-- INSTRUCTIONS FOR THE TASK --
The copy must match the data word for word and contain no pictures.
====
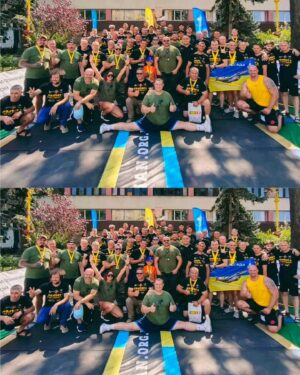 Vasyl Virastyuk Instagram - ЗВИТЯГА НЕСКОРЕНИХ🔹 ДУХ ЩО НЕ ЗНАЄ МЕЖ✊

0️⃣5️⃣▫️0️⃣8️⃣▫️2️⃣3️⃣ в м.Івано-Франківьку відбувся комплексний захід для ветеранів "ЗВИТЯГА НЕСКОРЕНИХ" 🦾
✔️4 інклюзивні види спорту!
✔️понад 70-ть ветеранів!
✔️прояви залізної волі!
✔️неперевершені емоції!
✔️підтримка побратимів та посестер!
✔️хвилювання та радість!
... і все це притаманно ветеранським змаганнях☝️

#звитяганескорених #фсупрацює #разоммисила #разомсильніші #разоммисильніші #русняпалає #разомдоперемоги

Головні організатори Івано-Франківська міська рада та Федерація стронгмену України 
🔻за підтримки Руслан Марцінків 🤝🤝🤝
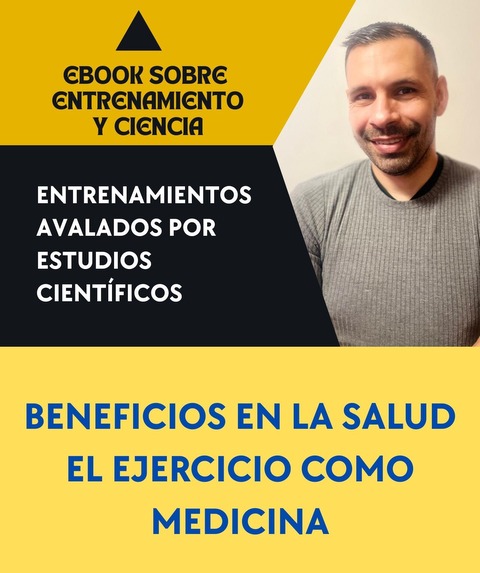 Entrenamiento y Ciencia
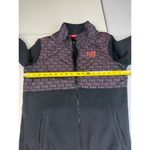 Victoria's Secret PINK  Fleece‎ Full Zip Jacket Cozy Warm Layering S Photo 2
====
-- ANSWER --
 Vasyl Virastyuk Instagram - ЗВИТЯГА НЕСКОРЕНИХ🔹 ДУХ ЩО НЕ ЗНАЄ МЕЖ✊

0️⃣5️⃣▫️0️⃣8️⃣▫️2️⃣3️⃣ в м.Івано-Франківьку відбувся комплексний захід для ветеранів "ЗВИТЯГА НЕСКОРЕНИХ" 🦾
✔️4 інклюзивні види спорту!
✔️понад 70-ть ветеранів!
✔️прояви залізної волі!
✔️неперевершені емоції!
✔️підтримка побратимів та посестер!
✔️хвилювання та радість!
... і все це притаманно ветеранським змаганнях☝️

#звитяганескорених #фсупрацює #разоммисила #разомсильніші #разоммисильніші #русняпалає #разомдоперемоги

Головні організатори Івано-Франківська міська рада та Федерація стронгмену України 
🔻за підтримки Руслан Марцінків 🤝🤝🤝
 Entrenamiento y Ciencia
 Victoria's Secret PINK  Fleece‎ Full Zip Jacket Cozy Warm Layering S Photo 2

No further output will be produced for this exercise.